In addition to Paulo Arraiano’s reflection, the video by Timothy Yannick Hunter (1990, Toronto, Canada) talks about other especially important issues today. Combining Portuguese colonialism, in particular the occupation of the territory of Mozambique, and the recent episodes associated with the Black Lives Matter movement, Acts of Persistence addresses issues such as racism and discrimination. Although centered on a colonialist past, they still exist today.
Finally, complementing the exhibited works, the cultural organization In Limen conceived for the inauguration an original edition of the performance series This is not a Magritte performance, in two acts. In the first, the spectators, blindfolded, were invited to listen to echoing voices. The performers Mariana Camacho and Sara Rodrigues walked through the venue in different rhythms, emitting sounds that were repeated, differentiated and/or alternated, back and forth. Suddenly, it was possible to identify the names of the numerous companies of the CUF conglomerate, between breaths and silence.

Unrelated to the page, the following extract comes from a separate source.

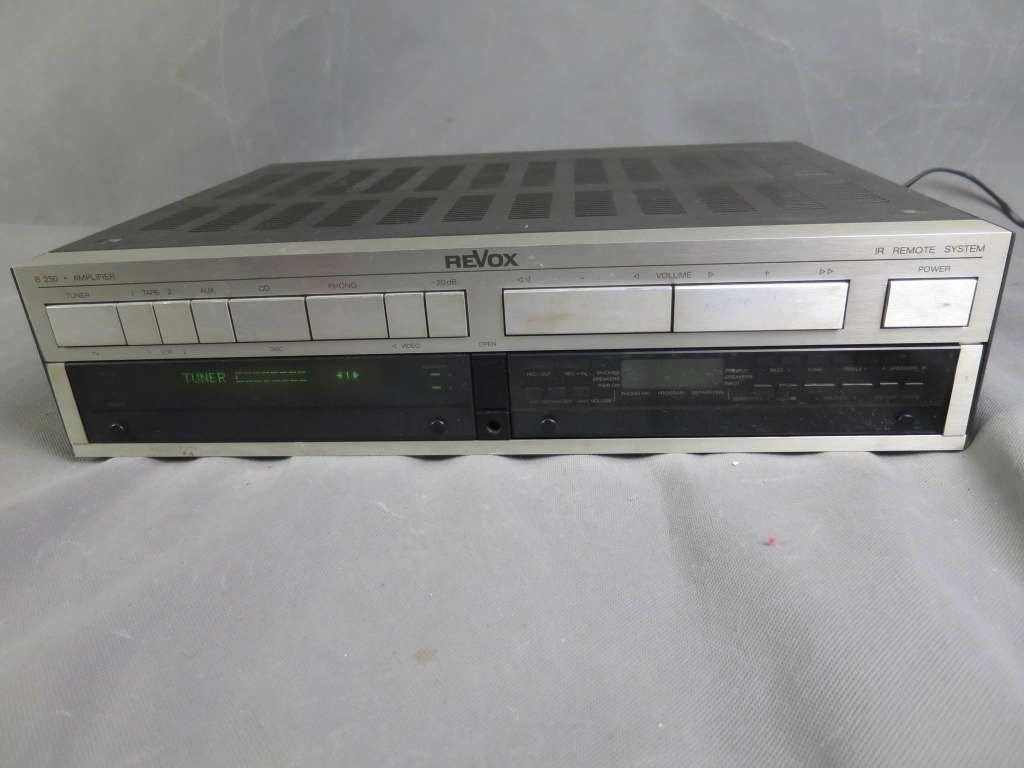 Revox Amplificatori: Revox B 250 Amplifier mit Fernbedienung – Usato da Zürich venduto da 1.Simon 9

In the second act, already after the immersive experience, the spectators established a dialogue, asking questions to each other that were given to them in a closed envelope at the beginning of the performance. Questions related to pride, slavery and the suffering provided by work, or even an illusion of associated freedom.
What we Don’t Have, we Can Create is an exhibition where art is associated with history, from a future perspective. The works presented perpetuate the memory of the old factory and the arduous daily lives of its workers. They refer to the same current issues, such as climate change, technological evolution, discrimination, or social inequalities. The exhibition ends on October 31 at PADA Studios, in the industrial park Baía do Tejo in Barreiro. A publication about it will be released.